With all the right gear in place, I would love to ride on these sunny mornings, but I'm recovering from a chest infection, still not got full use of my lungs yet & I have been off the bike for over a week now 

Maybe Friday a gentle pootle to work might be allowed.


----------



## cosmicbike (28 Feb 2018)

Had 2 miles of fun on the recumbent trike this morning, -3C but suitably dressed only the face was cold


----------



## Lavender Rose (28 Feb 2018)

I am in Ashford, Kent and it was -6 this morning. I had the day off yesterday which was nice as mums school was closed so myself, mum, dad and the dog went for a lovely walk and it was just a great day.

I was not looking forward to the early commute anyway. I start work at 6:15, I usually leave at 5:45am in good conditions! I woke up at 4am, all wrapped up - took a broom out and cleared the car IN THE PITCH BLACK!!!. The roads where I live (rural Ashford) don't get gritted so it's a 50/50 chance whether you die or not!

Thankfully my colleague stepped in and did the earlier shift so I didn't die - I was so annoyed with the main roads not being gritted! It's such a busy road, I didn't get out of 2nd gear or above 20mph!!

Not looking forward to driving home at all!! I cannot believe all the mad people driving in early to do swimming and fitness classes IN THEIR CARS?! It's like GET A GRIP.


----------



## Blue Hills (28 Feb 2018)

By the by, reminded by charlotte's post, are roads gritted less these days? Am from rural lancs and very definitely have the impression that they are far less cleared than of old.

Wouldn't altogether surprise me as, outside the london bubble, the county council can no longer afford many libraries, nor many rural buses to stir up the slush.


----------



## Lavender Rose (28 Feb 2018)

Blue Hills said:


> By the by, reminded by charlotte's post, are roads gritted less these days? Am from rural lancs and very definitely have the impression that they are far less cleared than of old.
> 
> Wouldn't altogether surprise me as, outside the london bubble, the county council can no longer afford many libraries, nor many rural buses to stir up the slush.

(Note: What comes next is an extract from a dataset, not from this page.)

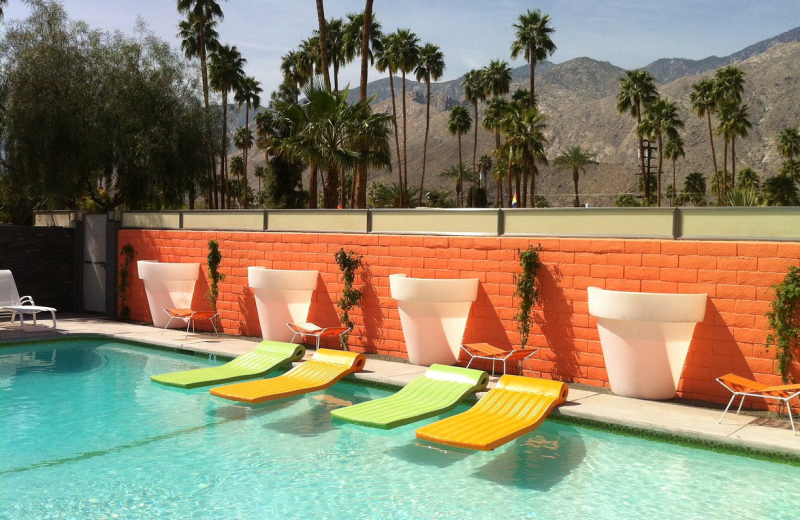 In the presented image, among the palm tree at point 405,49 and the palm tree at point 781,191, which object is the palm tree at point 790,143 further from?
the palm tree at point 405,49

I definitely think they are gritting less - it's ridiculous - I mean face it, our country is not set up for snow - no extra money for gritting lorries and It's just depressing.

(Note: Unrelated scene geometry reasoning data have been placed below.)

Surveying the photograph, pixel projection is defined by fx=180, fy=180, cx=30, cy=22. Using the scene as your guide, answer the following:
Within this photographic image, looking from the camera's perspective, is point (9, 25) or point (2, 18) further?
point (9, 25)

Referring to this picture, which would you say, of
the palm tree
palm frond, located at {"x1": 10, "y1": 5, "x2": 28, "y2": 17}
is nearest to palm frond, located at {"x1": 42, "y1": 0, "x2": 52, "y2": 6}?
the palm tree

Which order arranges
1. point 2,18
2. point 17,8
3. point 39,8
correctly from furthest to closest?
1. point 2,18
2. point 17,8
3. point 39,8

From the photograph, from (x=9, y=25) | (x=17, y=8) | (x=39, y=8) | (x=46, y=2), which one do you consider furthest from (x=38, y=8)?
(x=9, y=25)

We have local farmers who have been helping, thankfully, but it is still scary. By looking at the most recent forecast, it has changed, still under freezing all day for the next 2 days but no more snow forecast! It just means hopefully the snow will be broken up eventually?!


----------



## mjr (28 Feb 2018)

Blue Hills said:


> By the by, reminded by charlotte's post, are roads gritted less these days? Am from rural lancs and very definitely have the impression that they are far less cleared than of old.
> 
> Wouldn't altogether surprise me as, outside the london bubble, the county council can no longer afford many libraries, nor many rural buses to stir up the slush.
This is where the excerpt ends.